- Prompt: Copy exactly. Include the line containing "CITROEN DS4 2.0 HDI 2012 RURA PRZEWÓD WODY", every line after it, and the last line below, but no pictures.

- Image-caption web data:
== Segment start ==

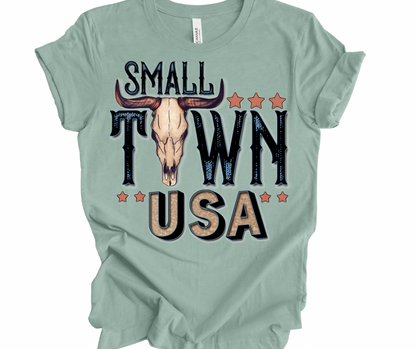 Small Town USA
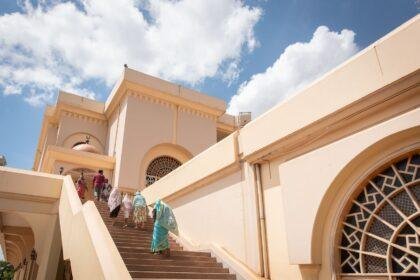 Gaddafi Mosque Kampala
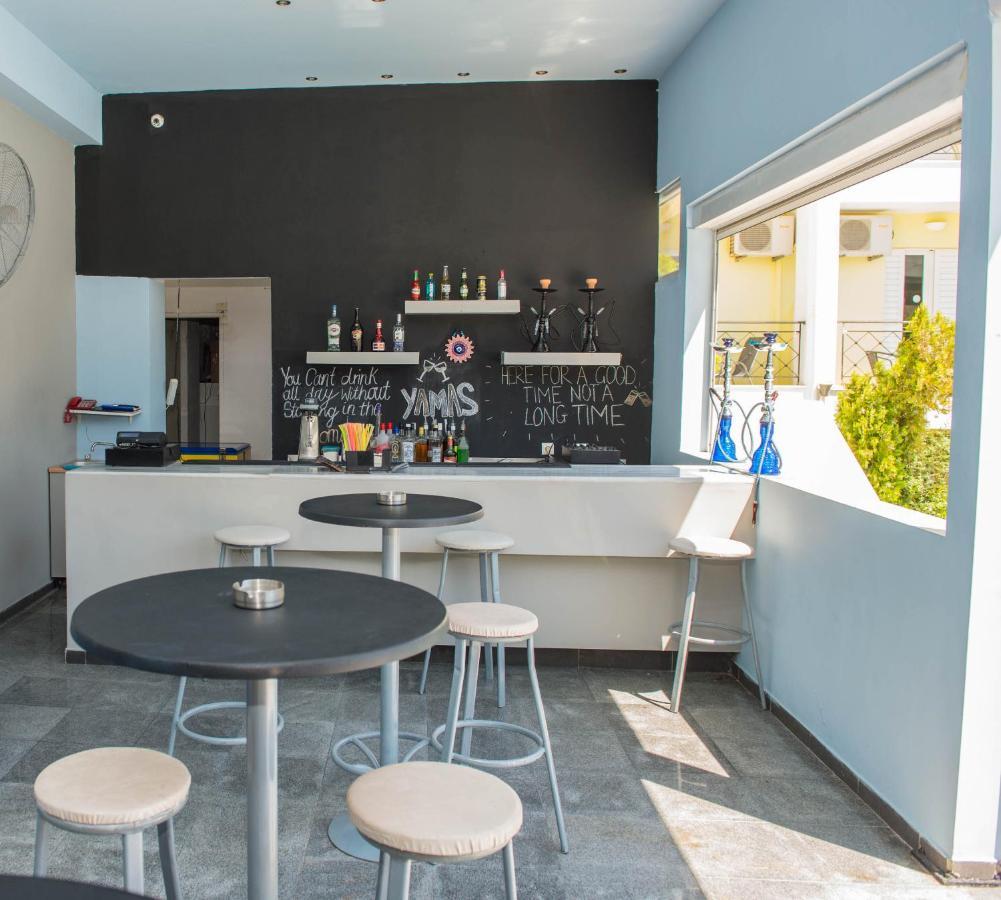 Mojo Hotel Laganás Eksteriør bilde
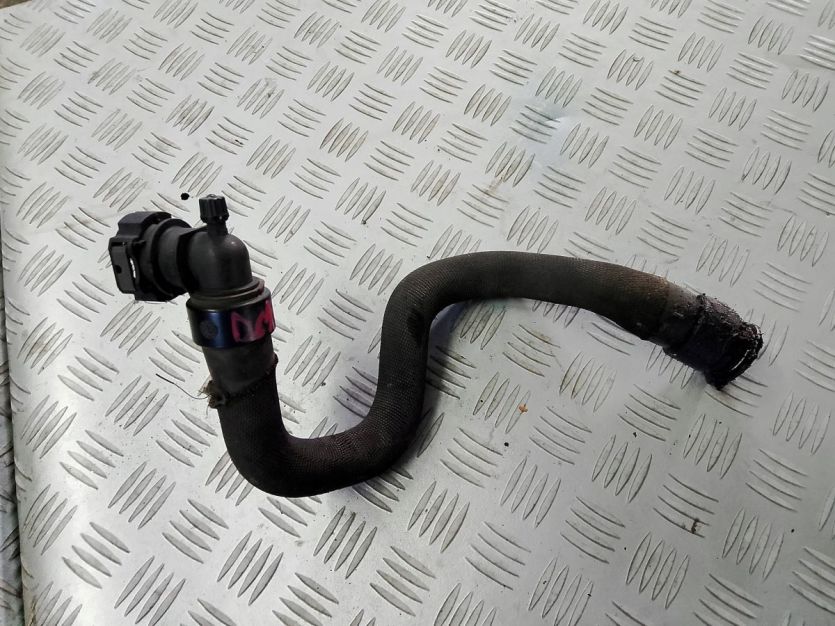 CITROEN DS4 2.0 HDI 2012 RURA PRZEWÓD WODY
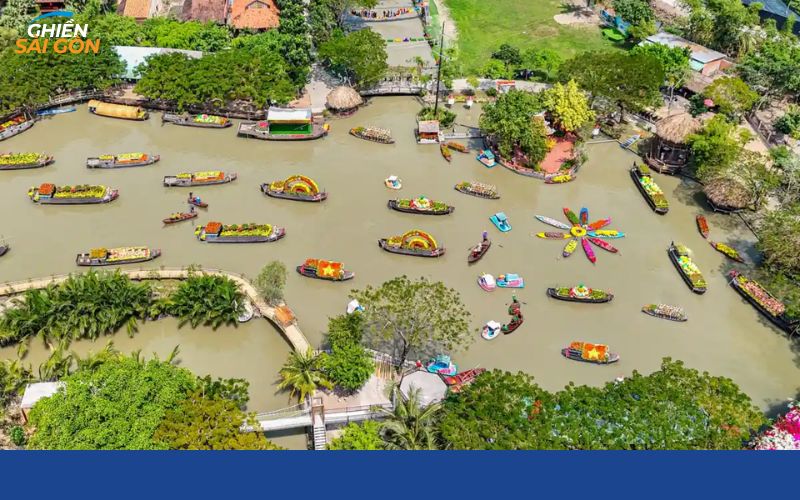 tết này đi đâu gần sài gòn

== Segment end ==

- Response area:
 CITROEN DS4 2.0 HDI 2012 RURA PRZEWÓD WODY
 tết này đi đâu gần sài gòn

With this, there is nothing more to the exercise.